I don't know from politics sometimes though. One thing I would worry about is if same sex marriage and all magically passed as legal nationwide would it be able to be changed in some way? I'm thinking of what they did with Roe v. Wade. In 1972 abortion is now legal and it was seen as a big victory for women's rights. It's 2015 and the powers that be have dismantled it to the point where some women have to travel a state or three away to get a legal abortion. Could such a thing happen with same sex marriage?


----------



## Schrody (May 26, 2015)

astroannie said:


> Do you mean 59% voted or 59% voted in favor?  I am not following the news--we have weather here.



LOL. 59% voted "yes", if it were only 59% and they voted against (or if we didn't know how they voted) obviously this thread would be pointless :mrgreen:


----------



## dale (May 27, 2015)

i'm hoping for my state to stop issuing marriage licenses period. the only reason the US government even began the practice of
issuing marriage licenses was to keep white males from marrying black and asian women. i want government marriage licenses
removed altogether and i want all marriages to cease receiving any kind of legal financial benefits whatsoever.


----------



## Kevin (May 27, 2015)

> hoping for my state to stop issuing marriage licenses period


great... just what we need: bunch more little basterds running around... oops. did I write that out loud?


----------



## Schrody (May 27, 2015)

dale said:


> i'm hoping for my state to stop issuing marriage licenses period. the only reason the US government even began the practice of
> issuing marriage licenses was to keep white males from marrying black and asian women. i want government marriage licenses
> removed altogether and i want all marriages to cease receiving any kind of legal financial benefits whatsoever.

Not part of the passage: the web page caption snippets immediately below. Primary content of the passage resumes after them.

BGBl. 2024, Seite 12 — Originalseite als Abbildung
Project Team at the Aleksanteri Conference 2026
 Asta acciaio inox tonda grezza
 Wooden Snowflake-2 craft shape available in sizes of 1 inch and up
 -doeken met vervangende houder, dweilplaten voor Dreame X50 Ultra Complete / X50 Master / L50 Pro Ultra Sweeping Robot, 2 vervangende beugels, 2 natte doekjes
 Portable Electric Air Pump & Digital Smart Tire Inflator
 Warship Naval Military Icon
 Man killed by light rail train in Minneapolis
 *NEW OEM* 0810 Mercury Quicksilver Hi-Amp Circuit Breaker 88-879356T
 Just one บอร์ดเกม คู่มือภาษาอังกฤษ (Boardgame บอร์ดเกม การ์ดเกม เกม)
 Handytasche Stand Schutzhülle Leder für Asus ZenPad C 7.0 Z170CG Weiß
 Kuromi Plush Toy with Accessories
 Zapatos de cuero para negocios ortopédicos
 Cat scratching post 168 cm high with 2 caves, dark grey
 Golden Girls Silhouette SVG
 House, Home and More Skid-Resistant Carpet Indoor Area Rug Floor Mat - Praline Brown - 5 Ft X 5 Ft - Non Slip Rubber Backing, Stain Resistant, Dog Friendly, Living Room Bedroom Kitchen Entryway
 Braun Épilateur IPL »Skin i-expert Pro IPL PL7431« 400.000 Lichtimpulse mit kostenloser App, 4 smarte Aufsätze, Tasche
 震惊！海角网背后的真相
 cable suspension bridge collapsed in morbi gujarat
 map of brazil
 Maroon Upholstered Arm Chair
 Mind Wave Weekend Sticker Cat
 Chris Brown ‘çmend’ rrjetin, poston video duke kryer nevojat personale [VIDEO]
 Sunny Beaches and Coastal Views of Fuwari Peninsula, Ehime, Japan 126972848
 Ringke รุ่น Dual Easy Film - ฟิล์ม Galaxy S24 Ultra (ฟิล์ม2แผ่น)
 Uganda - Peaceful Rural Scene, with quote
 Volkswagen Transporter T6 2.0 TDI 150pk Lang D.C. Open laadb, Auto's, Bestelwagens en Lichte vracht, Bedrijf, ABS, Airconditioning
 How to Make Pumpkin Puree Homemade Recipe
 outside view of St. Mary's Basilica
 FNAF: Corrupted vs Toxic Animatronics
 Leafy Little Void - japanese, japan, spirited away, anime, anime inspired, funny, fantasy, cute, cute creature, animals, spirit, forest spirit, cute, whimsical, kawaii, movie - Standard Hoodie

We have marriage "licenses" (it's not really a license, they're just checking your personal data; is that your real name, etc.) in order to know if you're already married or not (bigamy is forbidden here).


----------



## Deleted member 56686 (May 27, 2015)

Schrody said:


> We have marriage "licenses" (it's not really a license, they're just checking your personal data; is that your real name, etc.) in order to know if you're already married or not (bigamy is forbidden here).




Bigamy is illegal in the US too, although it does go on in parts of the West, especially Utah


----------



## dale (May 27, 2015)

Kevin said:


> great... just what we need: bunch more little basterds running around... oops. did I write that out loud?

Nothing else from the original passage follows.